Il m'aura fallu 45 précieuses minutes pour me convaincre que le Starbook-S, conformément à ce que certains utilisateurs ont déjà constaté, souffre de rattrapages intempestifs en DEC (Déclinaison). C'est totalement anormal mais il faut s'y faire. En annulant les rattrapages en DEC depuis les paramètres du logiciel d'autoguidage (mode off), cela permet au guidage de se concentrer exclusivement sur les corrections à faire sur l'AD (Ascension Droite).
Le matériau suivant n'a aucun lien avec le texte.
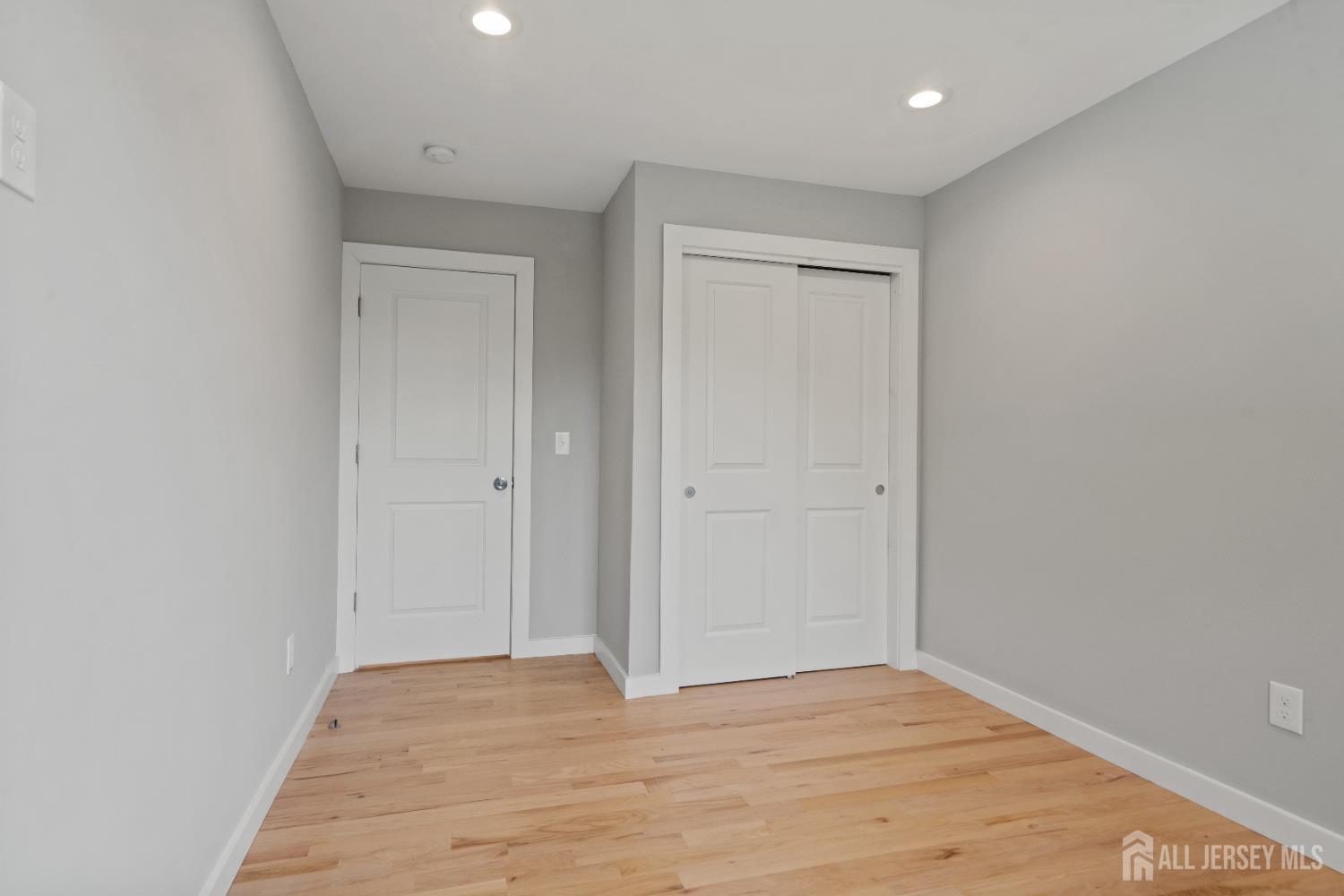 13 Albany Street, Edison, NJ, 08837 image 24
Instantanément, le suivi a été amélioré et les étoiles bien rondes jusqu'au delà des 110 secondes de pose.

Malheureusement, je suis parvenu à ces performances encourageantes alors que la monture se précipitai en fin de course (altitude élevée pour M51 à plus de 85°). Autrement dit, ma première prise CCD avec autoguidage se limita à 9 poses de 110 secondes chacune.
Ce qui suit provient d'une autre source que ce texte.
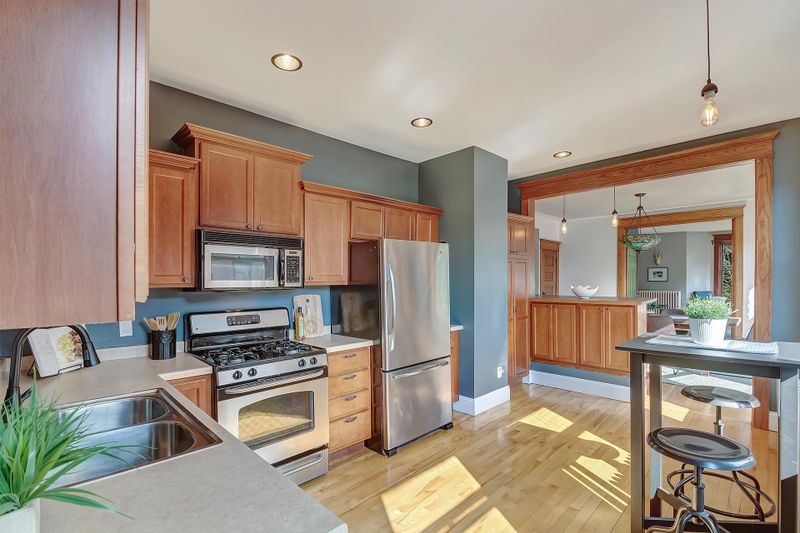 661 5th St E #B, Saint Paul, MN 55106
Ce qui me rassure dans cette aventure, en parcourant de nombreux forums, c'est que même des astrophotographes équipés de très bonnes montures se sont un jour cassé la tête sur l'autoguidage avant d'arriver à des résultats optimaux.

A bientôt pour la poursuite du programme...

Nuit du 9 au 10 avril 2010 : Le Starbook-S de nouveau sur la GP !

La tentation était très forte !...Trop forte !!

Nous y sommes, le Starbook-S a été réhabilité sur ma monture PERL-VIXEN GP. Vendredi après-midi, je me suis mis à l'oeuvre pour remonter le kit. Une heure aura suffit pour remonter les servo-moteurs et correctement régler les entraînements moteur-engrenages-vis sans fin.

Depuis le passage de la version 1.2 Build 35 à la version 2.2 en ce qui concerne celle du soft de la console, je me devais de retenter ma chance avec ce kit. Après tout, VIXEN avait le droit à l'erreur et pouvait très bien avoir corrigé certains défauts de jeunesse !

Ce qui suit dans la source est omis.